Work instruction –
From the entries below, reproduce exactly the line containing "Title: Cronache americane", the line containing "possible periods of rapid destruction.", and every line in between, with nothing added.

Extracted material –
━━━━━━━━━━

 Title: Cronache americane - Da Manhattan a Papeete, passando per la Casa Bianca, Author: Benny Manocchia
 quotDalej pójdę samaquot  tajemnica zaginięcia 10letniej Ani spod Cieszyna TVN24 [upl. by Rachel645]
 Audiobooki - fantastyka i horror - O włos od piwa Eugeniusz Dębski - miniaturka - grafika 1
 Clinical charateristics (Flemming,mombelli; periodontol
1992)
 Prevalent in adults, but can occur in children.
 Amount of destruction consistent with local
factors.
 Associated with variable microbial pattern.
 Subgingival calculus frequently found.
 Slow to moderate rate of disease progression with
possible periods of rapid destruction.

━━━━━━━━━━

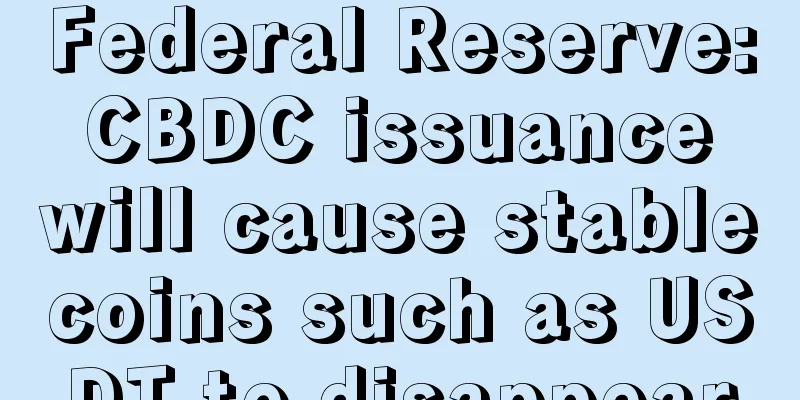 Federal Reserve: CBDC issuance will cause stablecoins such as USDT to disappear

━━━━━━━━━━

Exercise answer –
 Title: Cronache americane - Da Manhattan a Papeete, passando per la Casa Bianca, Author: Benny Manocchia
 quotDalej pójdę samaquot  tajemnica zaginięcia 10letniej Ani spod Cieszyna TVN24 [upl. by Rachel645]
 Audiobooki - fantastyka i horror - O włos od piwa Eugeniusz Dębski - miniaturka - grafika 1
 Clinical charateristics (Flemming,mombelli; periodontol
1992)
 Prevalent in adults, but can occur in children.
 Amount of destruction consistent with local
factors.
 Associated with variable microbial pattern.
 Subgingival calculus frequently found.
 Slow to moderate rate of disease progression with
possible periods of rapid destruction.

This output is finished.